Ex: ‘A good (meaning ‘good placements offering’) college with bad lecturers and poor teaching quality faces no protests from the students. Protest is automatically suppressed in the delight of the expected future good.


I have been witness to innumerable complaints by students most of which emphasize upon the bad food offered, uncomfortable hostels, unfriendly college timings, unnecessary extra classes, etc. None seem to voice opinions regarding the more important points of bad teaching quality and lack of institutional infrastructure to help support our learning. Apart from empty talks amongst a group of friends during lunch or tea, very little initiative is taken in the direction of demanding better quality teachers, most of who happen to be former Social Workers who completed their PhDs from any random university and joined the bandwagon of incompetent university lecturers.

It isn’t difficult to figure out why students remain silent on these issues. Today’s materialistic world has made them so concerned about their future jobs that they fear to protest. The fear rises from the obvious possibility of them being rusticated in the name of ‘misconduct’. Placements have made each one of them so selfish and competitive that there is an utter lack of unity. Fears of gaining a bad impression with the professors surpass all other concerns. Thus, my esteemed Social Work institute continues to churn out students who are taught to suppress dissent in order to gain better grades. With them failing to advocate for their own rights, how is one to expect them to do anything for the people in the future.

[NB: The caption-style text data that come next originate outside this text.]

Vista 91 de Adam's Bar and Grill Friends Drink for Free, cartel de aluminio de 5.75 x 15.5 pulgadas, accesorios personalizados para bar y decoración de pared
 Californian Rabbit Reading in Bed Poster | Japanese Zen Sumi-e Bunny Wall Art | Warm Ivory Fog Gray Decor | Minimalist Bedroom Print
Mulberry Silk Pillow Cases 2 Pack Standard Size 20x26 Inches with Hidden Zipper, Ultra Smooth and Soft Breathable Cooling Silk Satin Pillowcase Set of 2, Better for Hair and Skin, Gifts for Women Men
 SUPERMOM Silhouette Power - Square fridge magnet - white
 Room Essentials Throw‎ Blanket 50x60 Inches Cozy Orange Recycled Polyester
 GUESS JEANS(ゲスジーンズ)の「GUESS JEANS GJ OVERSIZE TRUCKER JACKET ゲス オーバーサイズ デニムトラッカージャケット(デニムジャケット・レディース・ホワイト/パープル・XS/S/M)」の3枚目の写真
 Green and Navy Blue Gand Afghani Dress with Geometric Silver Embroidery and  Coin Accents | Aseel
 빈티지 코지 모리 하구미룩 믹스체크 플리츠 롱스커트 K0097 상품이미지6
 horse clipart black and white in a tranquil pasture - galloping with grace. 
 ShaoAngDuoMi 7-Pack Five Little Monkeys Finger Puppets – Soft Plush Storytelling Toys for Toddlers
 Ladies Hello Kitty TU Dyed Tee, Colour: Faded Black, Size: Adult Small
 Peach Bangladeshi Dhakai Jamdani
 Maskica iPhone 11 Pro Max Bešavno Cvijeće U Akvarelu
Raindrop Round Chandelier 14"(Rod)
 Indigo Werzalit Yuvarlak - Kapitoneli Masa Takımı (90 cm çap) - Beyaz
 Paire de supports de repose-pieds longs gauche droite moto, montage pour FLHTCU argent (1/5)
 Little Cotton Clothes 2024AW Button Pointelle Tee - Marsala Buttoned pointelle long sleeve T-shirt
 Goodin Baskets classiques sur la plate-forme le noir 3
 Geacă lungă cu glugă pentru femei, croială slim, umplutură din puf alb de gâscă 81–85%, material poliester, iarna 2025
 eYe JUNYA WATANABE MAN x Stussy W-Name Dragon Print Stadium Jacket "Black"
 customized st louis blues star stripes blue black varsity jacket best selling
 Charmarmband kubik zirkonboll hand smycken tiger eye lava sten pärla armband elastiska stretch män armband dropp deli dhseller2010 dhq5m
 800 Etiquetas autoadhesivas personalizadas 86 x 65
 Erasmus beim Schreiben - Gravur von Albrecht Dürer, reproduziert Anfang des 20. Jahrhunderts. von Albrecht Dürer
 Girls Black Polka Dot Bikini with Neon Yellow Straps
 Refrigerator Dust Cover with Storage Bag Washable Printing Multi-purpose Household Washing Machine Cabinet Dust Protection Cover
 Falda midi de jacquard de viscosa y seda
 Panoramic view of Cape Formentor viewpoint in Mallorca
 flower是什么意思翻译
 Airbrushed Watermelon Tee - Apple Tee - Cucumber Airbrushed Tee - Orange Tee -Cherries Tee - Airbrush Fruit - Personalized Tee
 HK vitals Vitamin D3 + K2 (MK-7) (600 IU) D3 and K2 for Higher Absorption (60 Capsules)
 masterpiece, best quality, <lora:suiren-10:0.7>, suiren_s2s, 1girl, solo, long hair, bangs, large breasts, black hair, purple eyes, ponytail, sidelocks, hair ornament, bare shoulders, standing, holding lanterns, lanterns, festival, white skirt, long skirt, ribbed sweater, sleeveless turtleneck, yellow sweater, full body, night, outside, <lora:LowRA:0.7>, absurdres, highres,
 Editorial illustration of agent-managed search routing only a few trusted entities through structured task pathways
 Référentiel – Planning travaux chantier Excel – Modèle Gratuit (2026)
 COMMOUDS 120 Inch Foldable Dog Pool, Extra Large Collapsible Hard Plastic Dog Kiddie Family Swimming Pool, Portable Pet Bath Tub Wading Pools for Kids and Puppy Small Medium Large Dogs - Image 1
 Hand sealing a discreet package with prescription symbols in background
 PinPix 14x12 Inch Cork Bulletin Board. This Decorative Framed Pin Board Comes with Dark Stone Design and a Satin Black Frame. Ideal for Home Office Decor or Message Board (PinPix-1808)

In the first few months of our course, we were taught about how we were lucky to have got a chance to study in this college which has given the country some of its best professional social workers. ‘Professional’ of course stood for ‘expert’, ‘trained’ and ‘skilled’; but it was also emphasized (more profoundly, yet indirectly) that it stood for someone who commands a good pay-check in the job market.



“Don’t mistake Social Work with Social Service. We don’t need Gandhis and Mother Teresas. The industry needs professionals not sympathizers”, we were told coldly by our professor.

Social work education seems to stress excessively on the need to be professional as compared to the need to balance it out with being sensitive. The social work sector has been publicized as an ‘industry’ to such an extent that most social work students join with the sole intention of earning a big fat salary in the future. Very few go on to work in the grassroots except when left with no other option.

And when asks one, “What about the primary aim of SW?” prompt comes the answer, “Oh well, we certainly will be working for them. We will be using our professional skills and specialized knowledge (from our air-conditioned cabins in big cities) in order to bring a change in their lives. Of course we will.”

But in a country like ours where poverty seems rampant, how does one view a professional work attitude?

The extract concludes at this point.